But realistically, it really doesn't matter in more than 3/4 of the country, due to how the Electoral College works. If your preferred candidate lost by more than all third party votes combined, there's zero way your vote could've changed anything.

And that's the situation I live in. My state (Utah) almost always gives 65%+ of the vote to the R candidate. In 2016, Trump won w/ only 45% of the vote, but that's because the other 20% or so went to Evan McMullin (Hilary got ~27% of the vote). I even tried voting Biden in 2020 because I figured people hated Trump enough (he got dead last in the primary here in 2016, below candidates that had already withdrawn), and I guess I helped because Trump only got 58% of the vote to Biden's 38%. Excluding McMullin (basically a conservative), third parties got 5.5% in 2016 and 4.2% in 2020. I'd be very surprised if Trump gets less than 60% of the vote this election.

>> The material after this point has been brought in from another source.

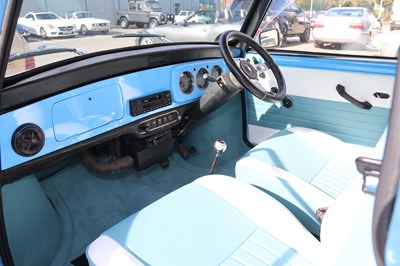 Lot 253 - 1993 Rover Mini Cooper 1.3i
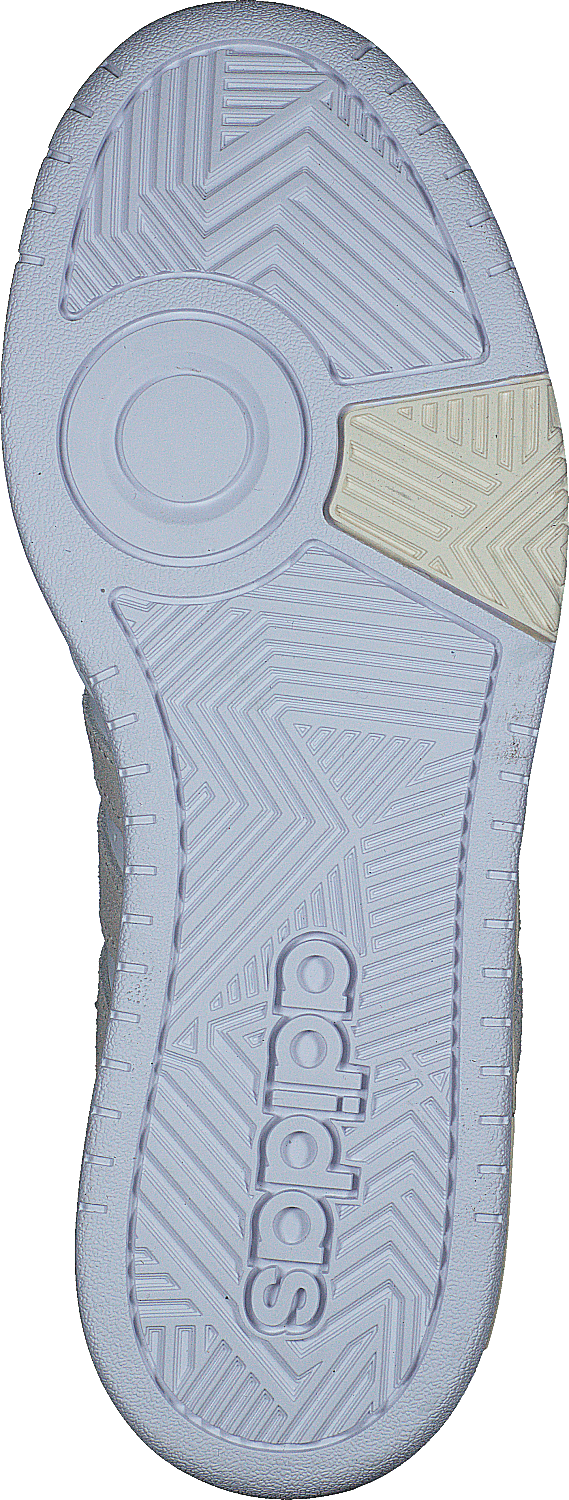 Hoops 3.0 Mid Ftwwht/cwhite/cblack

It really doesn't matter who I vote for, so I make my vote count by voting third party. If they get enough votes, people will take them more seriously and politicians might take some of their policy positions.

[–] agamemnonymous@sh.itjust.works 4 points 2 months ago (1 children)

If they get enough votes, people will take them more seriously and politicians might take some of their policy positions.

Eh, the best way to be taken seriously is relevant experience. Flight simulator enthusiasts don't immediately become fighter pilots, frycooks don't immediately become Michelin star Chefs, nurses don't immediately become neurosurgeons.

President is a high level job with high complexity and high skill requirements. When a candidate's highest office held is "community organizer", that's not a serious candidate and their policy positions don't carry any credibility.

I'm absolutely for progressive policy, I just didn't think voting 3rd party in the presidential election helps, even in shifting sentiment. What will help is relentlessly voting for progressive down ballot and locally. Get those community organizers into real political offices where they can build real experience and forward real policy.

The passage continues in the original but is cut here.